Bahasa Melayu Ambon berbeda dari bahasa Melayu Ternate karena pada zaman dahulu suku-suku di Ambon dan yang tentunya mempengaruhi perkembangan bahasa Melayu Ambon sangat berbeda dari suku-suku yang ada di Ternate. Misalnya bahasa Melayu Ambon mendapat banyak pengaruh dari bahasa Melayu Makassar. Kemudian pada abad ke-16, Portugis menjajah Maluku sehingga cukup banyak kosa-kata bahasa Portugis masuk ke dalam bahasa Melayu Ambon. Terakhir bangsa Belanda masuk ke Maluku, sehingga ada cukup banyak, kata serapan dari bahasa Belanda yang diterima menjadi kosakata dalam bahasa Melayu Ambon. Pada zaman Belanda inilah, bahasa Melayu Ambon dipakai sebagai bahasa pengantar di sekolah-sekolah, di gereja-gereja, dan juga dalam terjemahan beberapa kitab dari Alkitab.

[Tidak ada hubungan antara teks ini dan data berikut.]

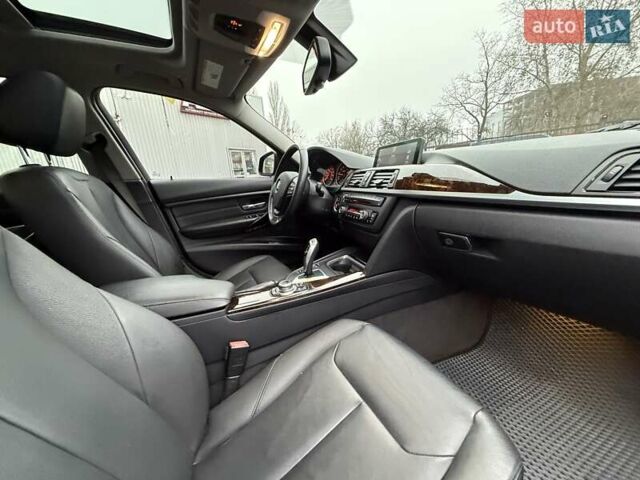 Сірий БМВ 3 Серія, об'ємом двигуна 2 л та пробігом 147 тис. км за 14100 $, фото 30 на Automoto.ua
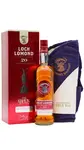 Loch Lomond - The Open Course Collection 2021 - 149th Royal St George's 20 year old Whisky (Includes Golf Bottle Bag)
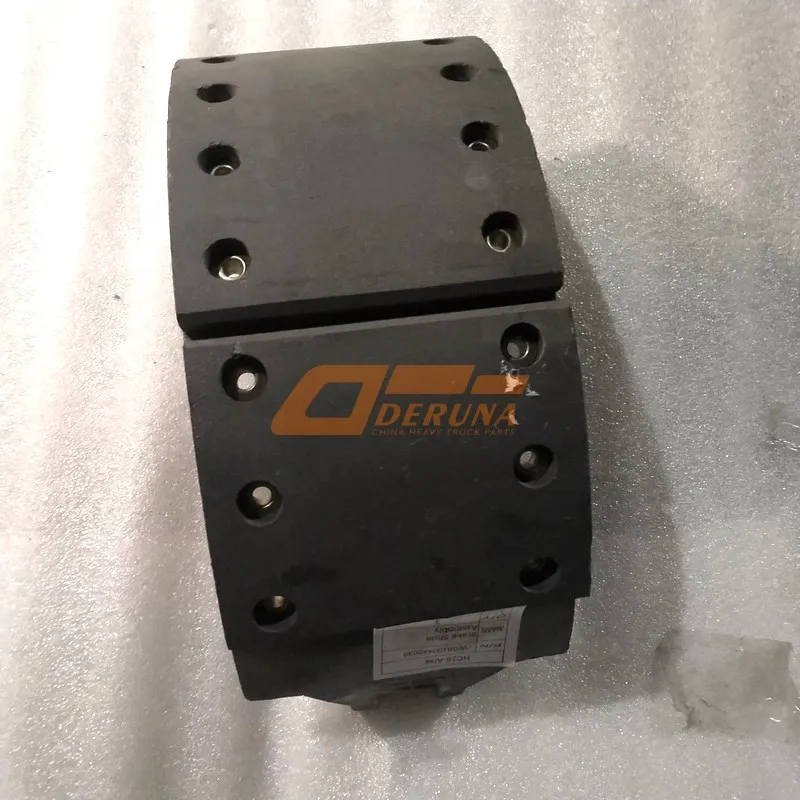 WG9100440030 Brake Shoe Assembly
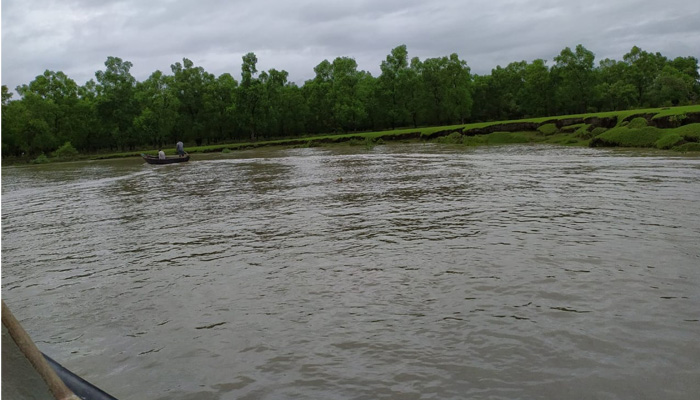 সাগর-পাহাড়-অরণ্যের সঙ্গে মিতালী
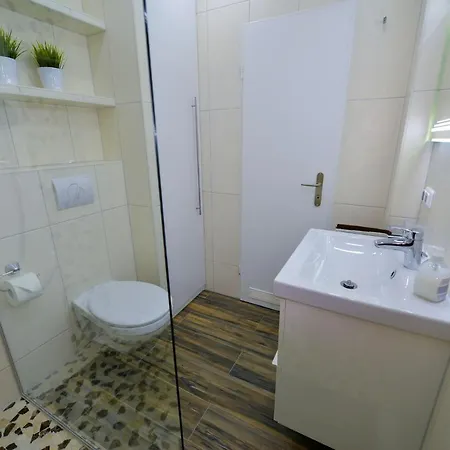 Strandhochhaus Sc10 Daire Cuxhaven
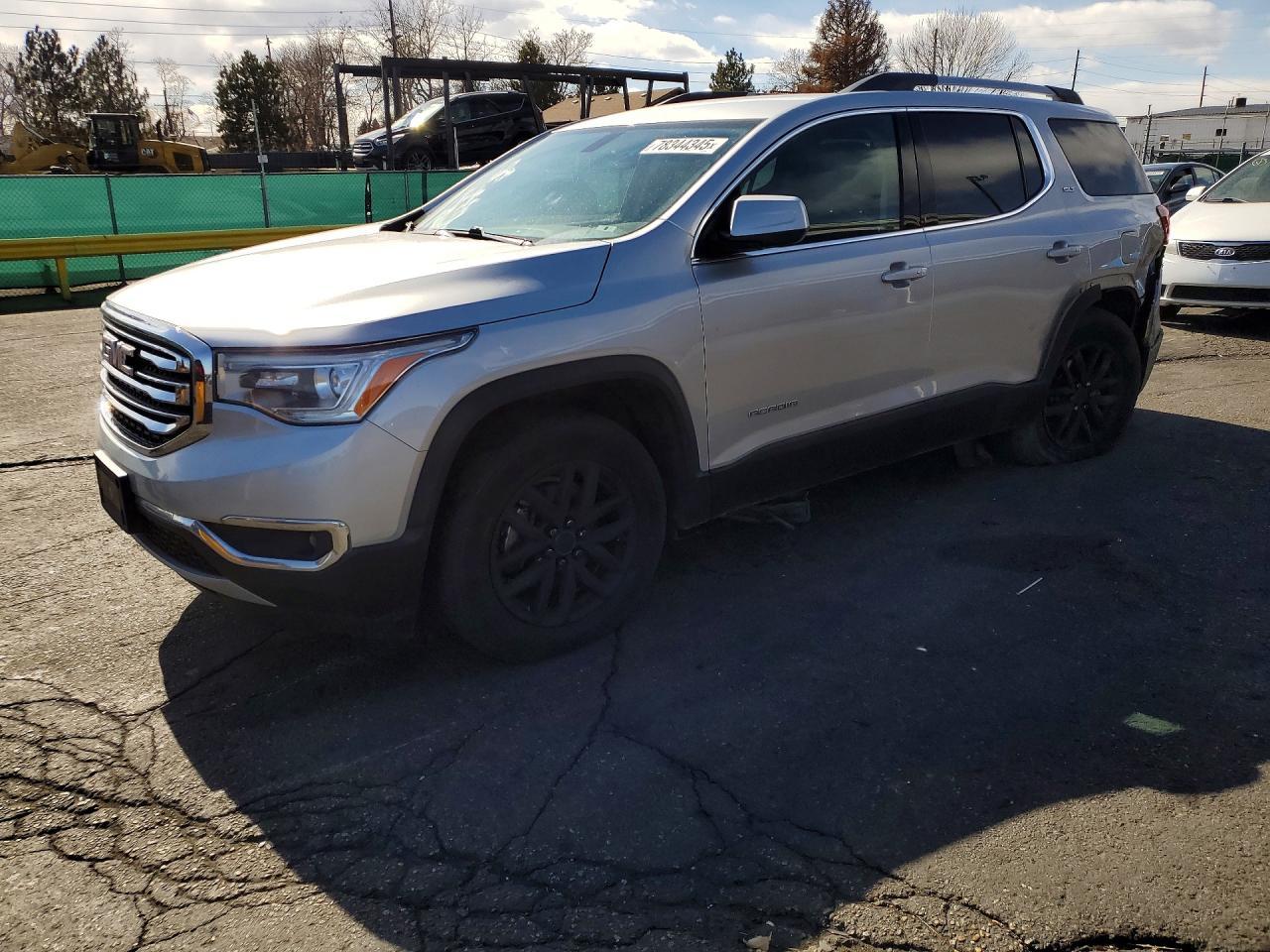 2019 GMC Acadia Slt-1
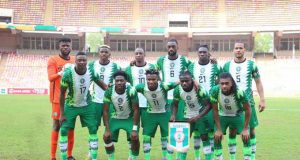 Super Eagles down three places in latest FIFA ranking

Setelah bahasa Indonesia baku mulai diajarkan di sekolah-sekolah di Maluku, maka ia mulai mempengaruhi bahasa Melayu Ambon sehingga sejumlah kata diserap dari bahasa Indonesia baku ke dalam bahasa Melayu setempat, tentu saja disesuaikan dengan logat setempat. Pada awalnya misionaris Belanda menerjemahkan injil dalam Bahasa Melayu dan dibawa ke Ambon. Disini para penduduk yang bisa menghafal injil itu kemudian dibaptis, dan terus dibimbing dalam bahasa Melayu. Bahasa ini dibawa kemungkinan dari Malaka, karena pada masa itu sudah ada kegiatan dagang antara Malaka dan Maluku. Pada awalnya, bahasa Melayu ini hanya dalam bentuk pasaran yang kemudian menjadi bahasa tutur anak-anak generasi selanjutnya. Menjadi bahasa ibu bagi masyarakat Kristen Ambon dan sebagian kecil Muslim Ambon. Sedangkan kebanyakan masyarakat Muslim Ambon masih mempunyai bahasa daerah sendiri yang disebut bahasa tanah.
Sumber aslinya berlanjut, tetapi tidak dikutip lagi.